I want to use behavioural data to calculate the number of items caught. This is my example data:

df <- data.frame(id = as.factor(c(51,51,51,51,51,51,51,52,52,52,52,52,52)), 
             type = c("(K)","(K)","(K)","(K)","","","","(K)","(K)","","(K)","","(K)"))

I would like to count each of my "K"'s based on if they are consecutive or not. If consecutive, the string should count as one. if there is a gap between, they should both count as one.. so final tally will be 2.

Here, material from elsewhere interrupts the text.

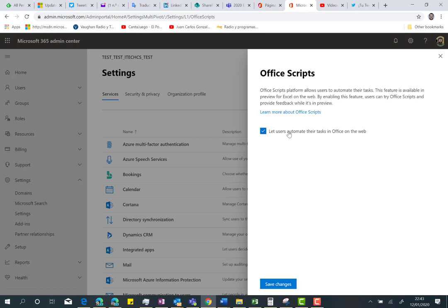As you can see here, this feature is actually in preview, and for now it's only available in Excel online. I think it is going to be also available at some point in Excel on the desktop, but for now it's only available in Excel online.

Hope that makes sense... for the example above, I would like my final output data to look like this

id type tally
1 51  (K)     1
2 52  (K)     3

I thought aggregate might do this, however it counts the total number in a column so for 51 tally=4 rather than 1

Any help would be appreciated

Thanks Grace

3

3 Answers

4
votes

In base R, you could do it with rle. First split df by id and then for each subgroup count the number of times sequences of "(K)".

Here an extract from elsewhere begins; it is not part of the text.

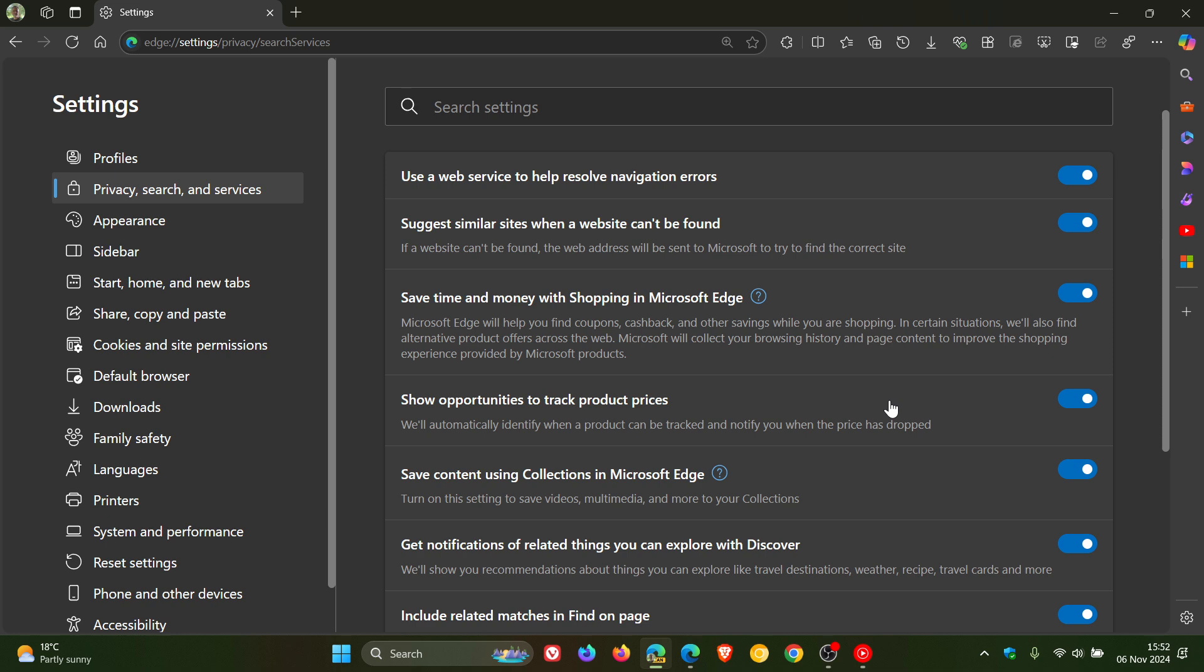Now, this is on a controlled rollout in Edge Canary. I'm only seeing it on one of my devices. So at this stage, it's very hard to say if this will make it to stable...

sapply(split(df, df$id), function(a)
    length(with(rle(as.character(a$type)), lengths[values == "(K)"])))
#51 52 
# 1  3 
3
votes

The rle command in base R would be useful.

temp<- tapply(df$type, df$id, function(x) rle(x == "(K)"))
df.new<- data.frame(id = names(temp), 
                tally = unlist(lapply(temp, function(x) sum(x$values))))
3
votes

We can try with rleid from data.table. Convert the 'data.frame' to 'data.table' (setDT(df)), grouped by 'id', find the run-length-id of 'type', grouped by 'id', and 'type', get the length of the unique elements of 'val' that are not a blank

library(data.table)
setDT(df)[, val := rleid(type), id][type!="", .(tally = uniqueN(val)), .(id, type)]
#   id type tally
#1: 51  (K)     1
#2: 52  (K)     3

Or we can use tidyverse

library(tidyverse)
df %>%
   mutate(val = cumsum(type != lag(type, default = type[1])))  %>% 
   group_by(id) %>% 
   filter(type!="") %>% 
   summarise(type = first(type), tally= n_distinct(val))
# A tibble: 2 × 3
#      id   type tally
#   <fctr> <fctr> <int>
#1     51    (K)     1
#2     52    (K)     3